Sendo assim, as vestes estavam ligadas diretamente ao papel das pessoas dentro da família e também sua classe social: o pai, chefe da família, que administrava a propriedade privada; a mãe, cujo papel era reproduzir e gerar herdeiros para as propriedades; as crianças, que eram herdeiras das propriedades (sejam meninos ou meninas); e as pessoas das outras classes (não-cidadãs), que não tinham ou que eram propriedade privada.

Qual é, portanto, o "escárnio" para um homem? Vestir uma roupa da mulher cidadã, quem não era chefe da família, que não tinha direito a administrar nem mesmo a sua própria propriedade privada (a não ser que não tivesse pai ou marido). Vestir a roupa de quem exercia o papel reprodutivo, limitada à esfera privada.

É por isso que as gallae não se viam nem eram vistas como mulheres, no máximo eram vistas como "falsas mulheres". Por mais que quisessem, por mais que tentassem, não conseguiriram exercer o papel social de uma mulher cidadã. Uma galla poderia se tornar sacerdotisa ou prostituta, mas não poderia ser uma materfamilias.

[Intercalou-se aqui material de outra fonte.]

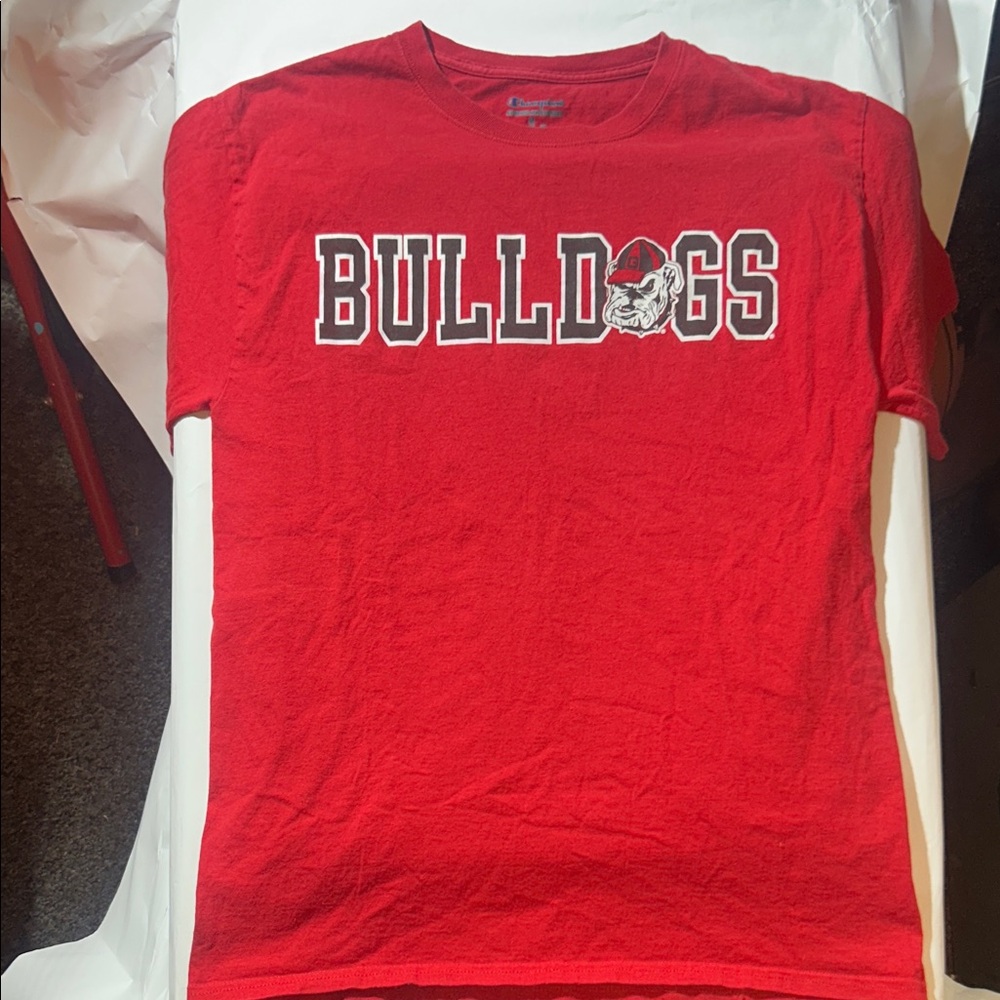 Georgia Bulldogs Red Graphic T-Shirt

Por causa disso, eu acredito que não existiam condições socioeconômicas para que a identidade transgênera pudesse existir socialmente.

[Observação: Pode ser que tenha sido possível a existência de uma identidade transgênera masculina, como a de Megillus, em cidades gregas onde a mulher poderia se tornar a chefe da família, mas acredito que, mesmo assim, eram casos isolados. Vale notar que mesmo a identidade masculina de Megillus na estória era privada, não social.]